Thursday, April 17, 2014

Claims for Extraordinary Relief

There's a little known and seldom used provision in the United States Code that offers contractors relief when all other avenues of contractual remedies have been exhausted. It is often referred to as "Claims for Extraordinary Relief" and is buried in 50 U.S.C. Sections 1431 through 1435. This provision gives the President power to authorize Government departments and agencies to enter into, amend, or modify contracts, without regard to other laws related to making, performing, amending, or modifying contract, whenever such action would facilitate the national defense. Essentially, if there are no avenues available through the FAR (Federal Acquisition Regulations) to address a financial woe, there might be relief available through "Extraordinary Relief". First however, a company has to be determined to be essential to the national defense. This doesn't apply just to DoD contracts. DOE (Energy) has its share of Extraordinary Relief situations, often related to nonproliferation events and activities.

Here are some examples of situations where Extraordinary Relief has been granted.

  • When a loss under a contract impaired the contractor's ability to perform or act as a source of supply under a contract that is essential to the national defense, there may be an amendment without consideration.
  • Amendment or modification to correct or mitigate a mistake
  • Amendment to formalize informal commitments to a person who took action without a formal contract.

There is an upward limit on recovery - its $25 million unless Congress (the Committees on Armed Services of the Senate and House) have been notified in writing and given 60 days to consider it. Contracting Officers typically have a $50 thousand limit. Anything between that and $25 million must be approved by someone higher than an Assistant Secretary.

A Extraordinary Relief claim is like a financial bailout. A contractor must have exhausted all other avenues for raising working capital. To this end, the Government focuses on aspects of financial capability.

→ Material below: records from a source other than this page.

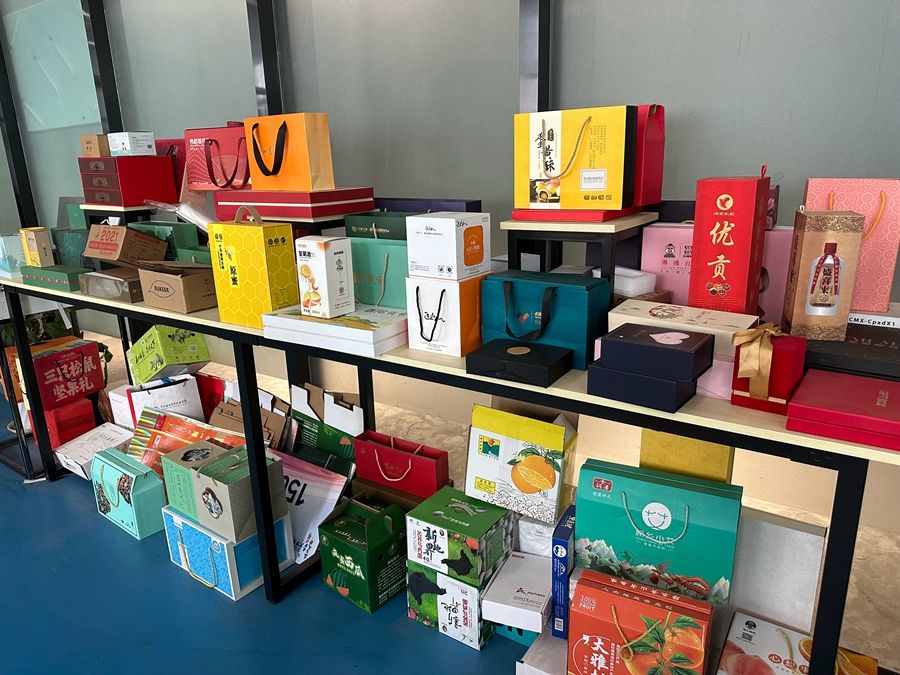 95后青年陈科霖与纸箱“较劲”8年干出大名堂！(图4)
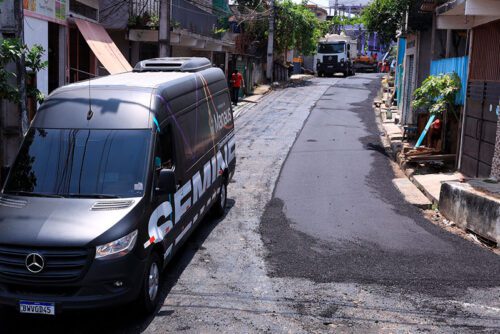 Prefeitura monta força-tarefa no bairro Colônia Oliveira Machado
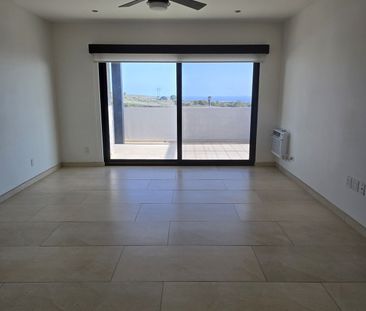 Real Del Mar Tri-level - Photo 1
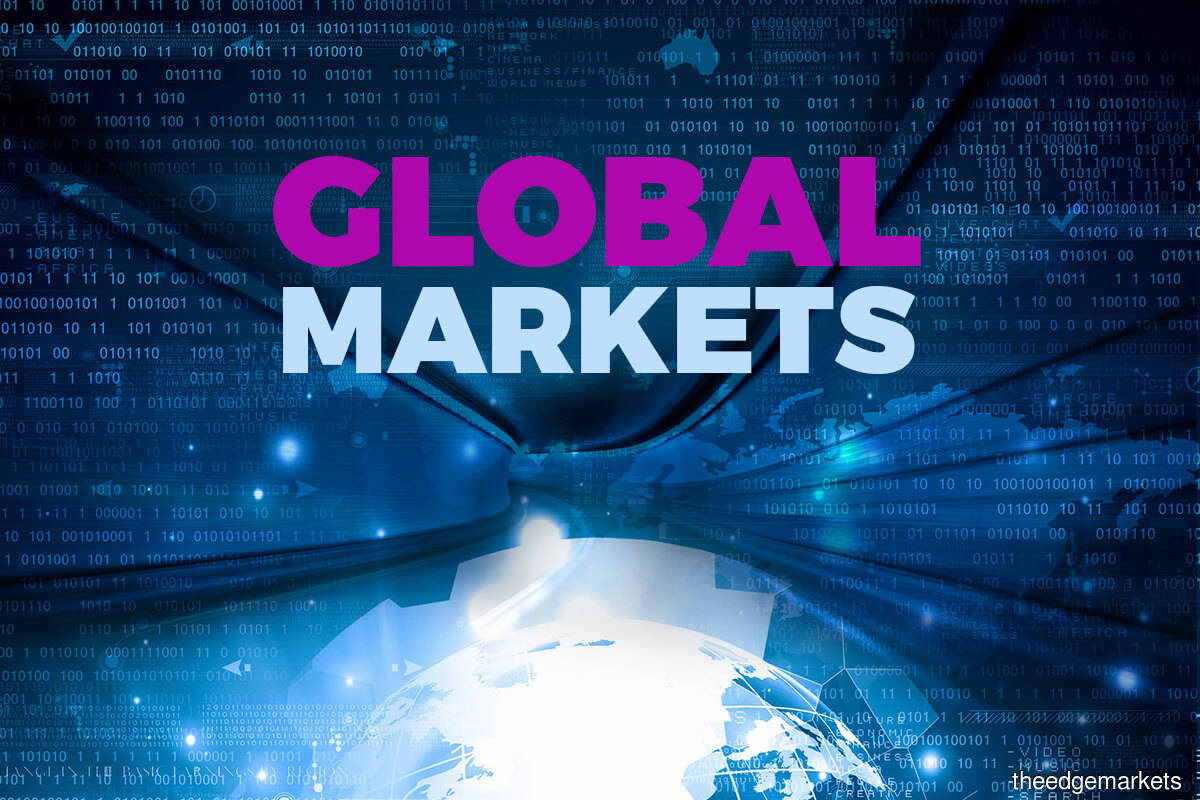 Stocks pummeled by growth worries, US dollar climbs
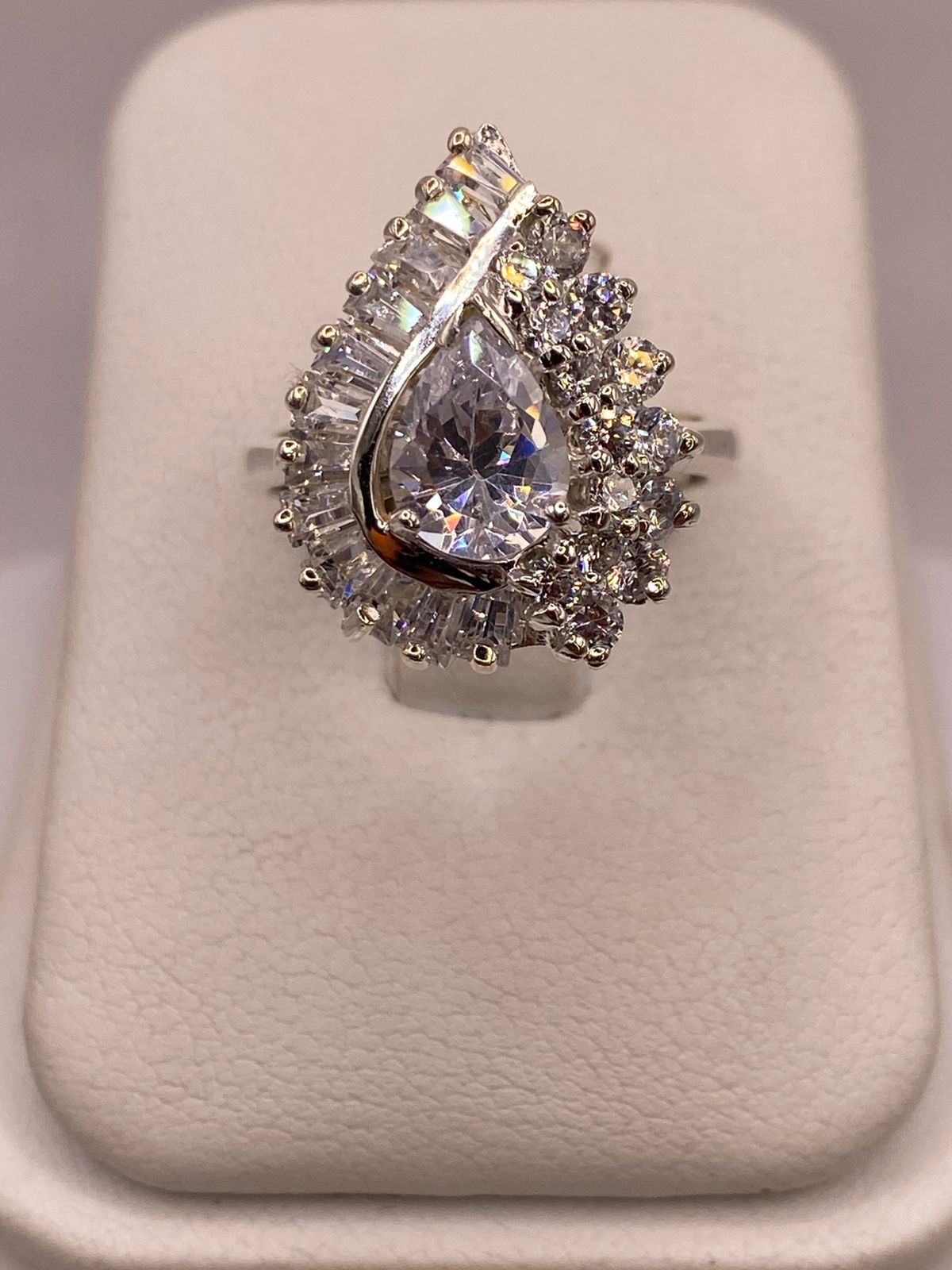 Anillo de Plata Ley 925 con Zirconias Blancas Tipo Gota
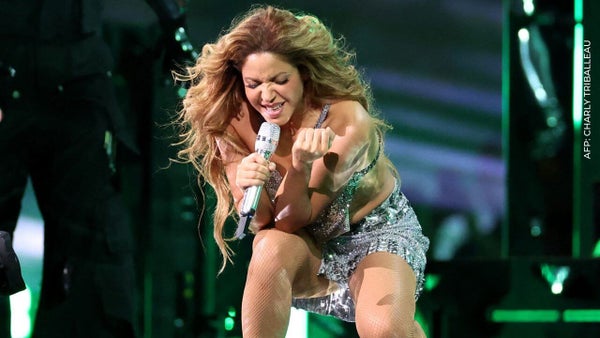 Shakira le canta a sus fans afuera de su hotel en Chile tras cancelación de sus conciertos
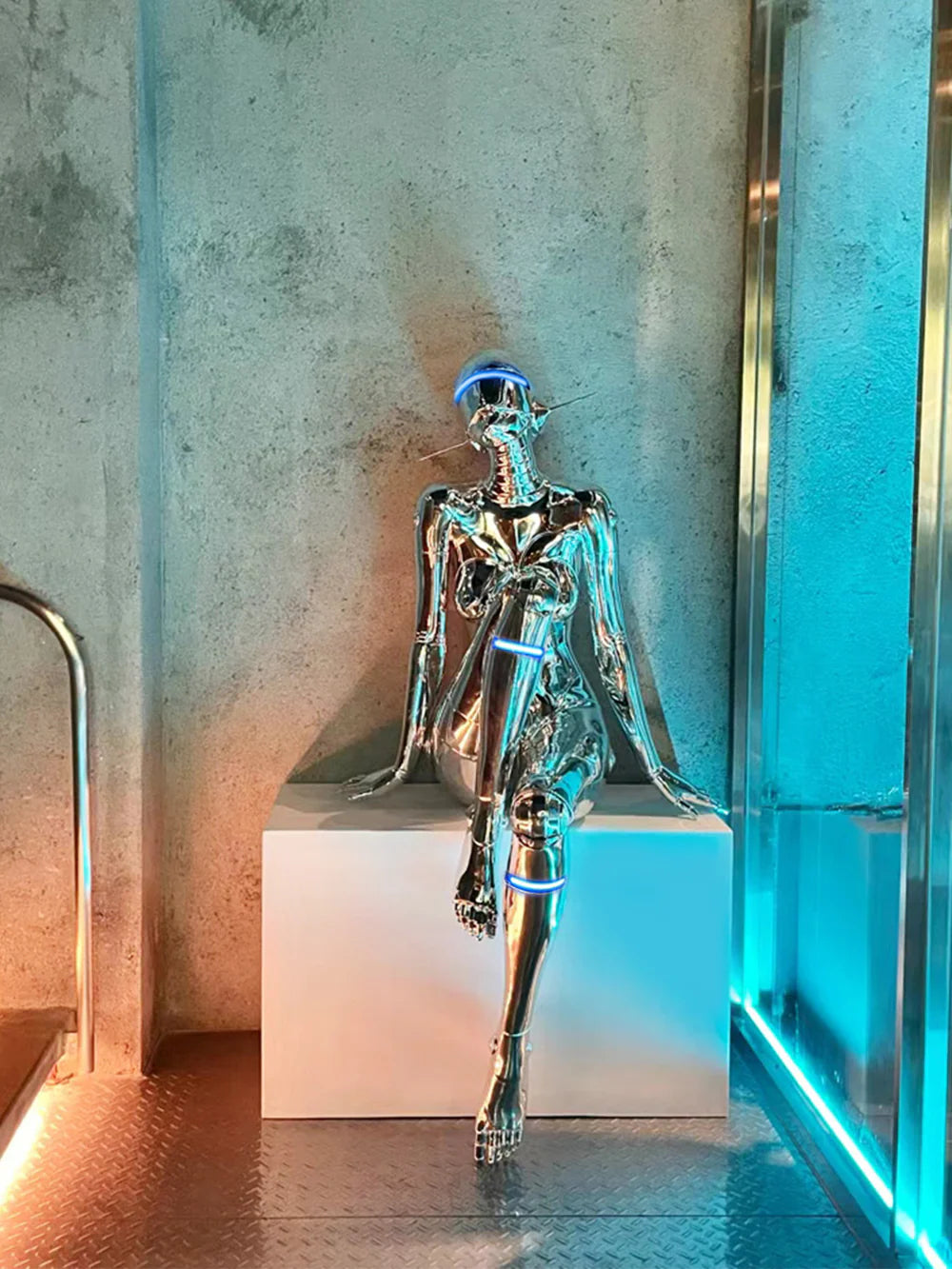 Mechanical Technology Goddess Sculpture Floor Lamp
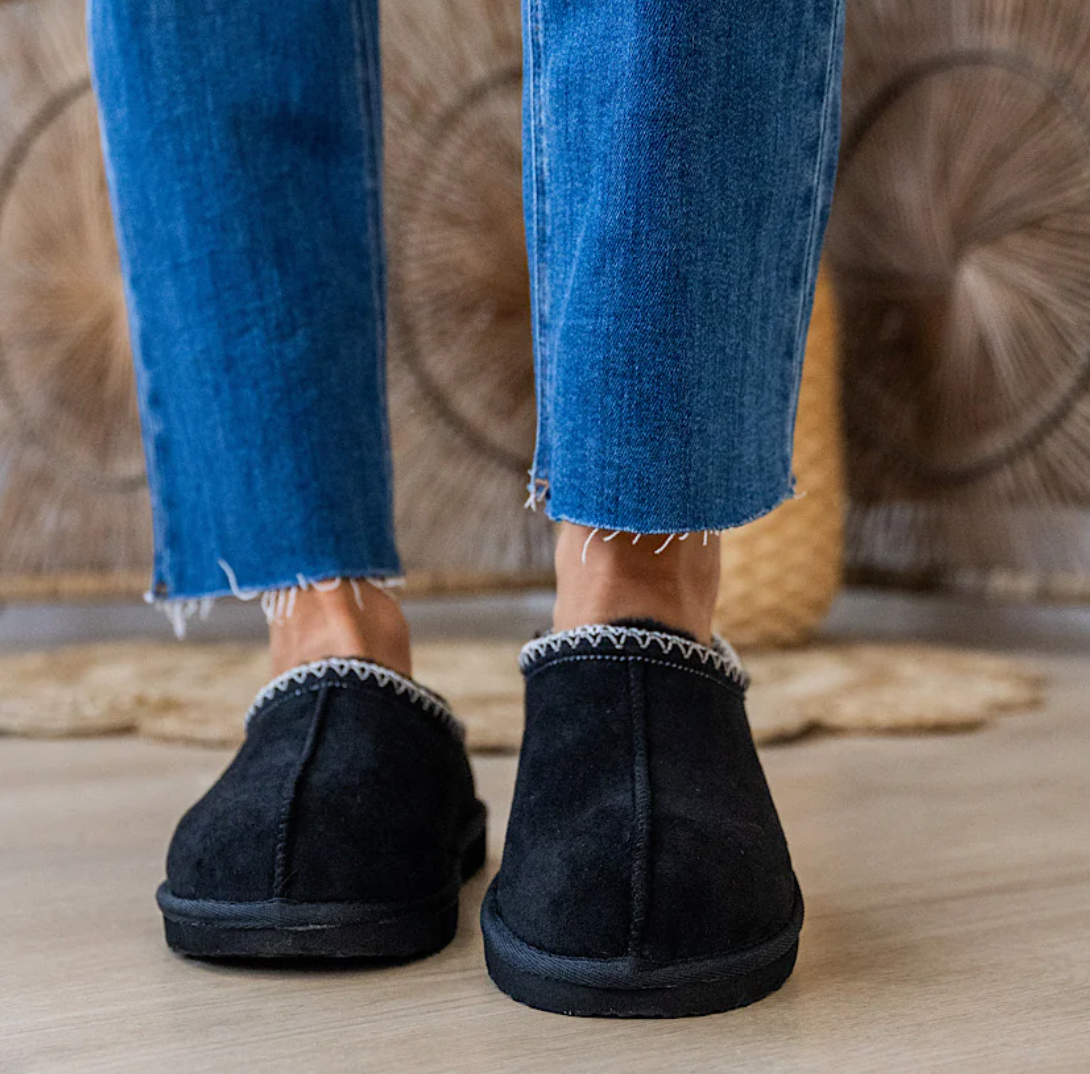 Sparks Slip On By Very G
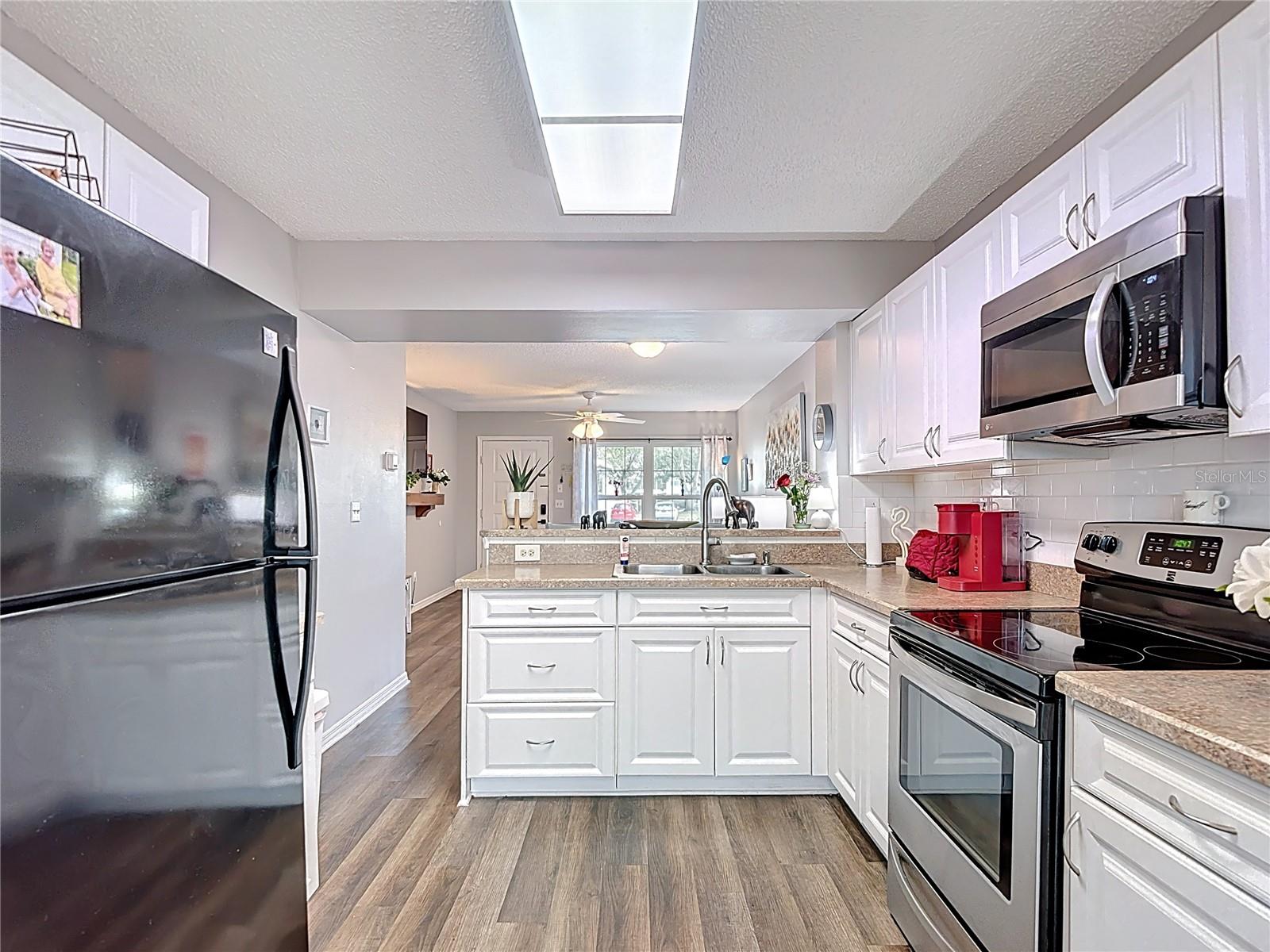 Image 13 of 40 For 7828 Hardwick Drive 916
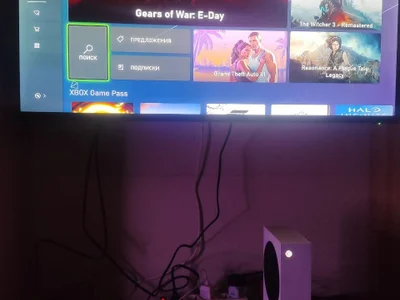 Xbox Series S 512 GB + 2 геймпада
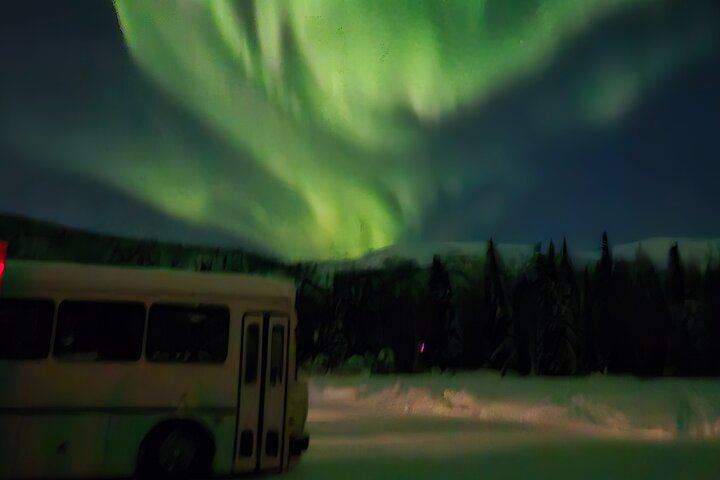 Chena Hot Springs Guided Night with Ice Museum and Aurora Photos (5/12)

For example, in reviewing a contractor's claim for extraordinary relief, the Government will request, review, and consder:

  1. The contractor's financial position based on the most current information available, and the potential effect on that position if contract performance continued to completion.
  2. Net working capital changes and changes in financial position since startint the contract.
  3. A comparative statement of costs experienced under the contract and other similar production.
  4. The estimated costs to complete the contract.
  5. The compensation paid to the contractor's key personnel.
  6. The extent of financial assistance already furnished by the Government.
  7. Segregation of the profit and loss statement between commercial and Government business.
  8. Any legal proceedings pending against the contractor.
  9. Any unusual factors which may impair the contractor's ability (financial or other) to perform the contract.
  10. Contract inventories and their value in case of default.

If your contract is to cut grass on a military base, you're probably not going to be determined to be essential to the national defense and you're not going to succeed in getting extraordinary relief. If you go bankrupt, the Government will just find another grass-cutter. However, if your contract is to provide housing for military in a war zone, you might have a shot.